▶ [What is required]:
The task calls for the lines below from the line with "Vogue New Look Green Rubber Strap 17005.3" to the line with "Philips б/у в", both ends included, copied exactly, without any pictures.

▶ [The records]:
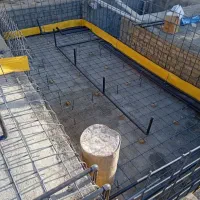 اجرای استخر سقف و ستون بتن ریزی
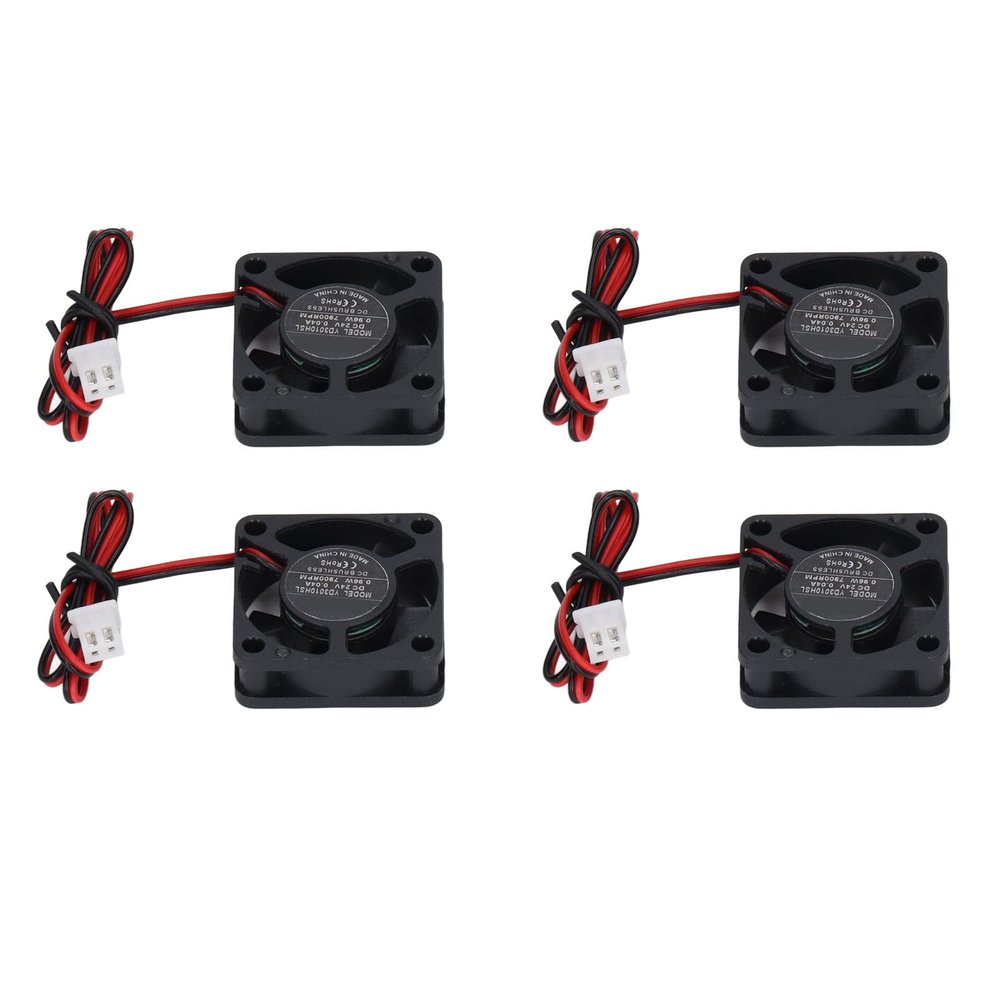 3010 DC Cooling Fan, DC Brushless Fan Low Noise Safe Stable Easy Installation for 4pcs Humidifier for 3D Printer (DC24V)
* * *
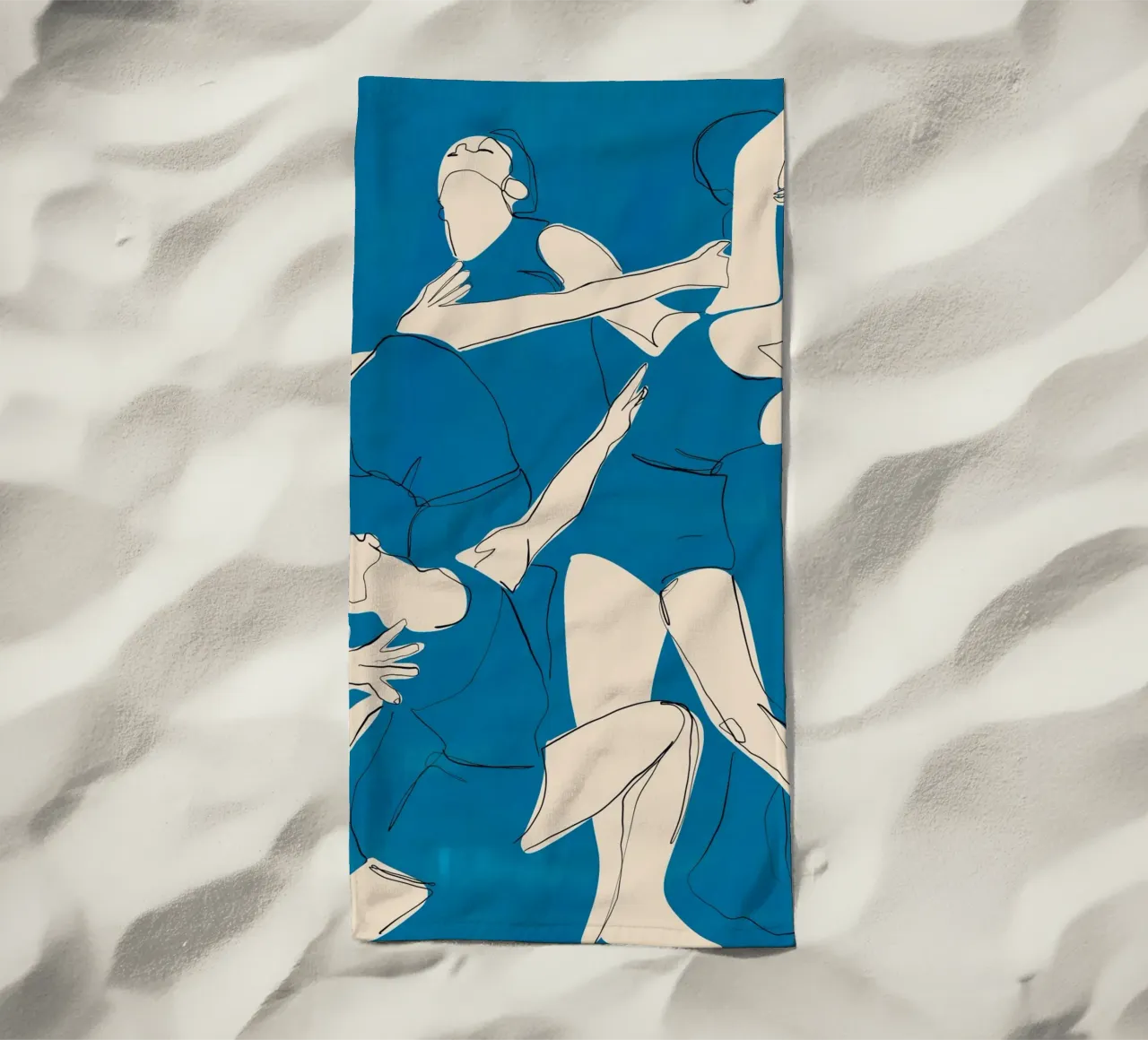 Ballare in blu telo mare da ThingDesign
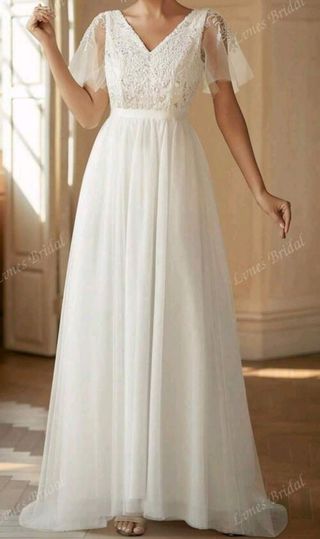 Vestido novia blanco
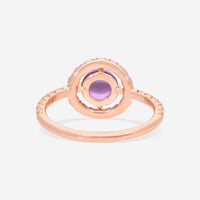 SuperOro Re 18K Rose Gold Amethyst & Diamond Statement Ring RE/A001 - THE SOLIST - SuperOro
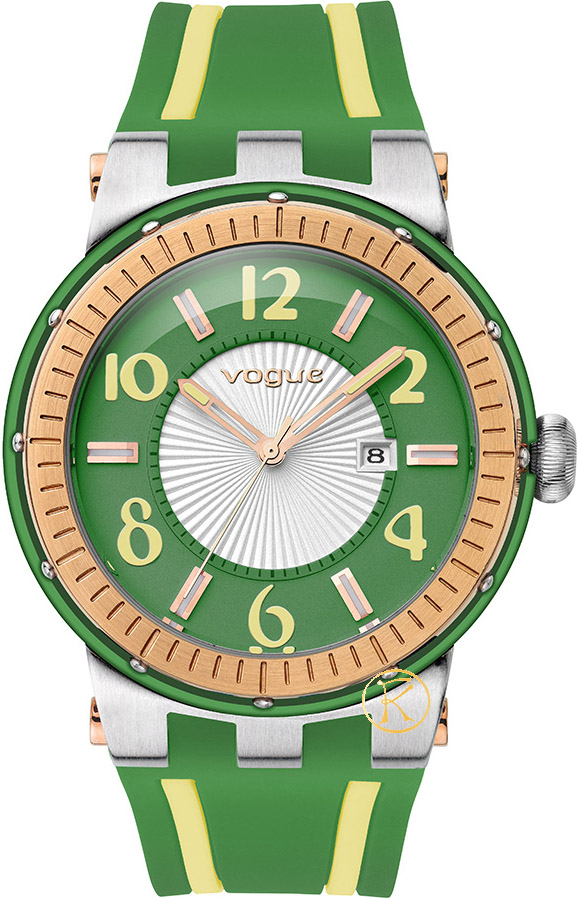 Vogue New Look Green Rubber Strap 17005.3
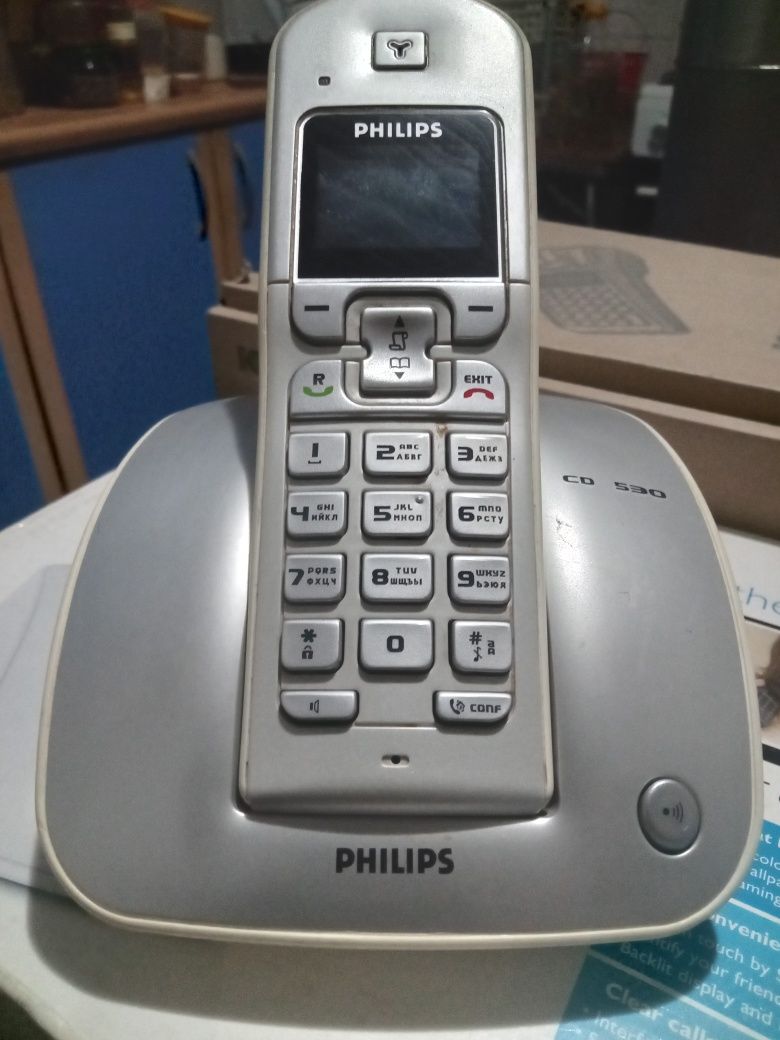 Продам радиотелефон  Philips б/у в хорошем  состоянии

▶ [Exercise result]:
 Vogue New Look Green Rubber Strap 17005.3
 Продам радиотелефон  Philips б/у в хорошем  состоянии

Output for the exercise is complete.